COLM MURPHY walked free from the Special Criminal Court in Dublin yesterday after he was cleared at a retrial of a conspiracy charge in relation to the 1998 Omagh bombing which killed 29 people and injured more than 300.
Mr Murphy said after being acquitted of the charge: “I am glad to see it’s all over. Find out who was behind it – MI5 agents setting people up.” The three-judge non-jury court ruled that there was no evidence upon which the court could have convicted Mr Murphy after it ruled that all the evidence of 15 Garda interviews with him following his arrest in February 1999 was inadmissible.
The court ruled that the falsification of Garda interview notes which emerged at the original trial in 2002 had “tainted” all the Garda interviews and Mr Murphy must be given the benefit of the doubt.
His retrial was ordered after the Court of Criminal Appeal found that the trial court had failed to give proper regard to altered Garda interview notes and that there had been “an invasion of the presumption of innocence” in the judgment on Mr Murphy.
Det Garda John Fahy and Det Garda Liam Donnelly were charged with forgery and perjury after the original trial, but both gardaí were acquitted of the charges and Det Garda Donnelly has since died.
Mr Murphy’s counsel, Michael O’Higgins, had applied to the court after a 20-day trial for a direction to acquit his client because there was not enough evidence to convict him.
Mr Murphy, a 57-year-old native of Co Armagh, with an address at Jordan’s Corner, Ravensdale, Co Louth, had pleaded not guilty to conspiring with another person to cause an explosion likely to endanger life or cause serious injury to property in the State or elsewhere between August 13th and 16th, 1998.
The prosecution had claimed that he lent two mobile phones to a man who was involved in transporting the car bomb from Castleblayney, Co Monaghan, to Omagh, where it exploded on August 15th, 1998, killing 29 people, including a woman pregnant with twins, and injuring more than 300.

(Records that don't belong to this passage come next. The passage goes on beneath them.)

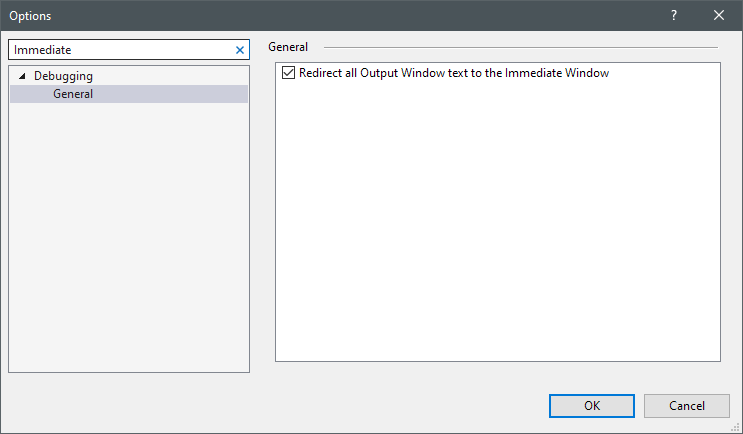 Setting to enable output to Immediate Window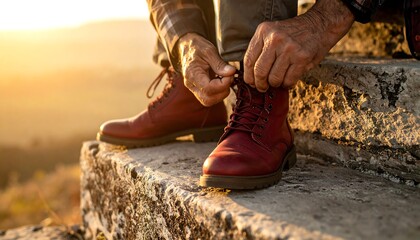 Senior man tying shoelaces on red leather boots outdoors in golden light
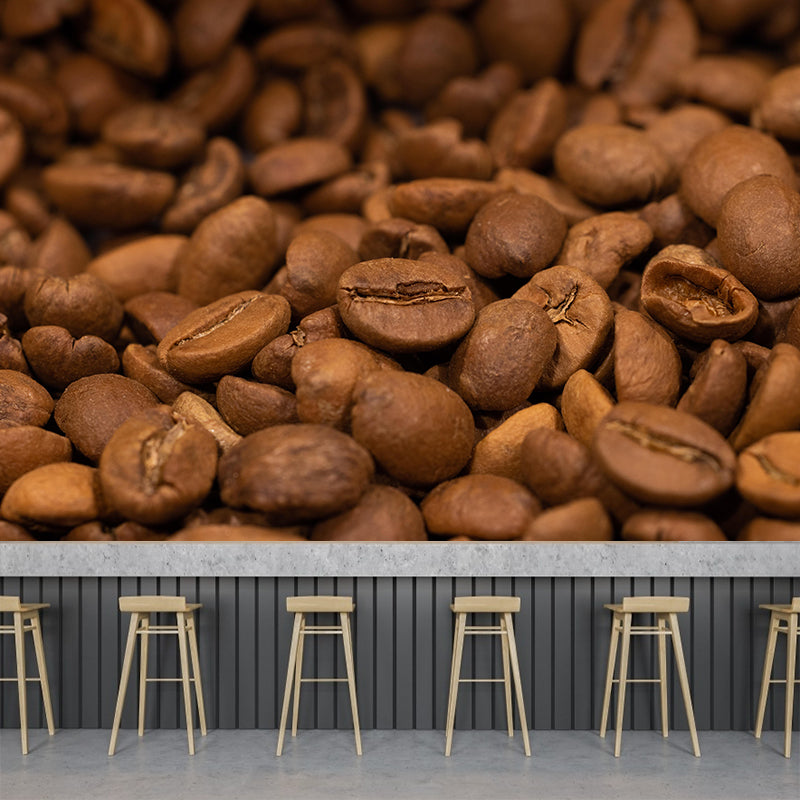 Commercial Use Coffee Beans Mural Wallpaper Eco-friendly for Coffee Shop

The Real IRA later claimed responsibility for the bomb attack. Mr Murphy was originally convicted of the charge in 2002 but the Court of Criminal Appeal quashed the conviction and ordered a retrial in 2005.
Delivering the court’s ruling, Mr Justice Paul Butler, presiding, said that the principal evidence for the prosecution arose from a series of interviews with gardaí conducted while Mr Murphy was in custody in Monaghan in February 1999.
He said that the court could not speculate as to why, when or where the Fahy and Donnelly interview notes were falsified.
“The fact that the notes of the interview conducted by Detective Garda Donnelly and Detective Garda Fahy were falsified, combined with the fact that there is no explanation in relation thereto, and the fact that this was part of a series of interviews being conducted by three teams of two gardaí each, does, we find, taint all of the interviews, and by reason of the fact that the onus of proof is on the prosecution and the accused is entitled to the benefit of any doubt that arises, he must be given the benefit of the doubt in this regard.”
The judge said the court was satisfied that the all the interview evidence was inadmissible but also wanted to make clear that it was making no finding in relation to the credibility of the other interviewing gardaí.